-- Opening Marker --

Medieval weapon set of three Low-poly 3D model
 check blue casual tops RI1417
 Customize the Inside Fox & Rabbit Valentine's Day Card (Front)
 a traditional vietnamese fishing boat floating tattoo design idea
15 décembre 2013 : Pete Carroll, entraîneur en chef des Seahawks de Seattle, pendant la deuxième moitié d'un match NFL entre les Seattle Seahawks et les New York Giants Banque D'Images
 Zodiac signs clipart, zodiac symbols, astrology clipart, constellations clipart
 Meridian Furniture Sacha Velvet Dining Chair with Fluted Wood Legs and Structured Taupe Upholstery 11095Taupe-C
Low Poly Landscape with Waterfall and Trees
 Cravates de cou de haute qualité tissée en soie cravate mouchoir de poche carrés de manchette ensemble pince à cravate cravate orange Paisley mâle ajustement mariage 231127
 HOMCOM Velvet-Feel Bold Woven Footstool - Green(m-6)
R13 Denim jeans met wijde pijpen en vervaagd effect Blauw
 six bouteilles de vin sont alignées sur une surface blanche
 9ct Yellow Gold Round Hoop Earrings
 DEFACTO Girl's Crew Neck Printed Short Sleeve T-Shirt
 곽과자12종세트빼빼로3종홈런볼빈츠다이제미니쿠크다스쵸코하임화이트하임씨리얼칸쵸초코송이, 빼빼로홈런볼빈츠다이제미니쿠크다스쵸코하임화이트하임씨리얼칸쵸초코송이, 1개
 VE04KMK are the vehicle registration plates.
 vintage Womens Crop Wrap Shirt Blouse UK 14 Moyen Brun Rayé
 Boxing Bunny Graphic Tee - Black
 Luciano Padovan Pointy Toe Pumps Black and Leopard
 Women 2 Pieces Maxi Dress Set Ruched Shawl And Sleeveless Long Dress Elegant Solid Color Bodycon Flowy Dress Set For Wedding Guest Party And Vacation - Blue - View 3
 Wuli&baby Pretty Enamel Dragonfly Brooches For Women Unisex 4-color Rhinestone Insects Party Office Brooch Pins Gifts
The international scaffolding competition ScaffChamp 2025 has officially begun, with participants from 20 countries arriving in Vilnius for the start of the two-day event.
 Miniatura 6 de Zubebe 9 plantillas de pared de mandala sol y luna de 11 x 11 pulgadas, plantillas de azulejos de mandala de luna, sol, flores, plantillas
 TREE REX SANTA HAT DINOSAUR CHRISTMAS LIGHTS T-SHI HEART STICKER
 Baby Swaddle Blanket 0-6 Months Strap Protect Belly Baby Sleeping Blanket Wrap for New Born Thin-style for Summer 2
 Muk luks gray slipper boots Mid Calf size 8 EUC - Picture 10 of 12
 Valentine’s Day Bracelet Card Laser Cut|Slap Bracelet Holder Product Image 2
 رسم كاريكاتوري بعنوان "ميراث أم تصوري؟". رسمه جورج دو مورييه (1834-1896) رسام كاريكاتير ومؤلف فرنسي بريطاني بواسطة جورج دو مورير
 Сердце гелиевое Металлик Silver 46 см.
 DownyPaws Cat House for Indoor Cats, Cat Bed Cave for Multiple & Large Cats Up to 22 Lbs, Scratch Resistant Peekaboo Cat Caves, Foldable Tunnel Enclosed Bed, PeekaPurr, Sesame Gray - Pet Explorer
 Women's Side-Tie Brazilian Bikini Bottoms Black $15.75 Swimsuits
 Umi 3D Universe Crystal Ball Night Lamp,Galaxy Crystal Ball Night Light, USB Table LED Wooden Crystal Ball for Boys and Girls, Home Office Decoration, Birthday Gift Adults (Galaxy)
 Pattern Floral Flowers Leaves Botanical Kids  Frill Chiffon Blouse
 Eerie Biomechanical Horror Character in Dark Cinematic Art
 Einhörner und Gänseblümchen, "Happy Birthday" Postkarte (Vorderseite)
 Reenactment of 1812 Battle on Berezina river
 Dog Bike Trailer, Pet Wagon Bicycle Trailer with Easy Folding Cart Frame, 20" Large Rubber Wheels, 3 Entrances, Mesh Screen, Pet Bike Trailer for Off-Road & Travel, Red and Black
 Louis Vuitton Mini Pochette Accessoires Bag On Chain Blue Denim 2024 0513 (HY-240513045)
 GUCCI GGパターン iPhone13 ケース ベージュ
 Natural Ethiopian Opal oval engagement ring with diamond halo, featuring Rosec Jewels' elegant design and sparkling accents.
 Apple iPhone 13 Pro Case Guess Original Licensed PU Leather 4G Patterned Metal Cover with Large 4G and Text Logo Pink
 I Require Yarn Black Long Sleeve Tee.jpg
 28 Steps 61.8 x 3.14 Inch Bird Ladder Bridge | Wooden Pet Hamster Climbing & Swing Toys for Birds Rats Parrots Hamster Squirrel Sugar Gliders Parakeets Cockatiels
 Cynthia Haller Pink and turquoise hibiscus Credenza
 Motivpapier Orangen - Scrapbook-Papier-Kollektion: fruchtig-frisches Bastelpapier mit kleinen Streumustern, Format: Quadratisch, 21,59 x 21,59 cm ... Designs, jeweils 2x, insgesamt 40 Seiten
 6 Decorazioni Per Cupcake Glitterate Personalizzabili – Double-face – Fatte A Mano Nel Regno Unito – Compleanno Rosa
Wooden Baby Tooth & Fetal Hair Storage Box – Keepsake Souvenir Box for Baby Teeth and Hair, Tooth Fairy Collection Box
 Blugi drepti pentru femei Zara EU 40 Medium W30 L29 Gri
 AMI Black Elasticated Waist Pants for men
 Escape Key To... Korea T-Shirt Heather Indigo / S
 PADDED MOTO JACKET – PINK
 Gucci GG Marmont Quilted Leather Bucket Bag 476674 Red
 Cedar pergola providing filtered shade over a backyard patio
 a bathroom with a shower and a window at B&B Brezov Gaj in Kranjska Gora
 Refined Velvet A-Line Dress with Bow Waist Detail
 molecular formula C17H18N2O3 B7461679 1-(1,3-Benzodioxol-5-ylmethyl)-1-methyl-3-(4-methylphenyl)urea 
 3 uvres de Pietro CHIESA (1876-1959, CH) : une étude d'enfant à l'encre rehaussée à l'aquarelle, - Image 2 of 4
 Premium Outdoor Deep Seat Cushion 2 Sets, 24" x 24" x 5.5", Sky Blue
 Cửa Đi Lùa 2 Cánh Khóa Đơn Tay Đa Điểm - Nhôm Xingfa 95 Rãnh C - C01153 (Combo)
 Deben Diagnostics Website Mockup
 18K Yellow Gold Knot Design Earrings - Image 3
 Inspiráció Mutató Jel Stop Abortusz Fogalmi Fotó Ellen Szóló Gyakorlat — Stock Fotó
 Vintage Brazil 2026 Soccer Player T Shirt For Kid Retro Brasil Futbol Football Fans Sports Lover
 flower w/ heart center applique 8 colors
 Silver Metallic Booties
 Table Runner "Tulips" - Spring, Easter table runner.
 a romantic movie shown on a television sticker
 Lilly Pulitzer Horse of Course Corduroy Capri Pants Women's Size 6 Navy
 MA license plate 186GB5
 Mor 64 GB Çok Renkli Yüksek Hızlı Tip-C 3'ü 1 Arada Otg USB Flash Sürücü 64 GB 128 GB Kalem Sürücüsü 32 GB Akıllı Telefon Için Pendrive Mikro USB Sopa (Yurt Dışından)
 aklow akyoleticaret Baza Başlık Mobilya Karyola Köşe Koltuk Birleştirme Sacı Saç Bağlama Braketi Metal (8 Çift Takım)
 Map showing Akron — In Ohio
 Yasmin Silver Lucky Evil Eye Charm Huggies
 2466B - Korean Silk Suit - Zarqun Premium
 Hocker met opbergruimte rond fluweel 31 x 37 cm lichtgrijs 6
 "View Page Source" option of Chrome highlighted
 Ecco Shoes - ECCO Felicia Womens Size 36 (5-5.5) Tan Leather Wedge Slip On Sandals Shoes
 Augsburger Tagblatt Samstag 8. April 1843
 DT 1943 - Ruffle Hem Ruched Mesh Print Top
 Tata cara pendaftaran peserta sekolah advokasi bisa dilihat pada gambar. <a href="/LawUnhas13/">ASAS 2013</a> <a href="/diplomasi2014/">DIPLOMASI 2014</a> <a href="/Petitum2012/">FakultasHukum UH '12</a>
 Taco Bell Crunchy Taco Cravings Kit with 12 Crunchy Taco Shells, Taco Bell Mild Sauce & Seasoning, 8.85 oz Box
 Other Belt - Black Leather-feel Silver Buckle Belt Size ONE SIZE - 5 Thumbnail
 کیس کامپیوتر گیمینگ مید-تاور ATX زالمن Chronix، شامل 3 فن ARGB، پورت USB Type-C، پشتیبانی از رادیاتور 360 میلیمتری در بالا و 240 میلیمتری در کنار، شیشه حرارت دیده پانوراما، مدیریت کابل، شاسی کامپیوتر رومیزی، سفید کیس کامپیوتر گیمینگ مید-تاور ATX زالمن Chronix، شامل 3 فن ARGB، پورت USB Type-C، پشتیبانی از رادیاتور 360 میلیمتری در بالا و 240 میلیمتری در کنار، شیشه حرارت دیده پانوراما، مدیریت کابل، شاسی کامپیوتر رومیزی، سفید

-- Closing Marker --

● Your instructions: In the material above, transcribe exactly the lines beginning at the one with "Cravates de cou" and ending at the one with "The international scaffolding", both included.

● Solution:
 Cravates de cou de haute qualité tissée en soie cravate mouchoir de poche carrés de manchette ensemble pince à cravate cravate orange Paisley mâle ajustement mariage 231127
 HOMCOM Velvet-Feel Bold Woven Footstool - Green(m-6)
R13 Denim jeans met wijde pijpen en vervaagd effect Blauw
 six bouteilles de vin sont alignées sur une surface blanche
 9ct Yellow Gold Round Hoop Earrings
 DEFACTO Girl's Crew Neck Printed Short Sleeve T-Shirt
 곽과자12종세트빼빼로3종홈런볼빈츠다이제미니쿠크다스쵸코하임화이트하임씨리얼칸쵸초코송이, 빼빼로홈런볼빈츠다이제미니쿠크다스쵸코하임화이트하임씨리얼칸쵸초코송이, 1개
 VE04KMK are the vehicle registration plates.
 vintage Womens Crop Wrap Shirt Blouse UK 14 Moyen Brun Rayé
 Boxing Bunny Graphic Tee - Black
 Luciano Padovan Pointy Toe Pumps Black and Leopard
 Women 2 Pieces Maxi Dress Set Ruched Shawl And Sleeveless Long Dress Elegant Solid Color Bodycon Flowy Dress Set For Wedding Guest Party And Vacation - Blue - View 3
 Wuli&baby Pretty Enamel Dragonfly Brooches For Women Unisex 4-color Rhinestone Insects Party Office Brooch Pins Gifts
The international scaffolding competition ScaffChamp 2025 has officially begun, with participants from 20 countries arriving in Vilnius for the start of the two-day event.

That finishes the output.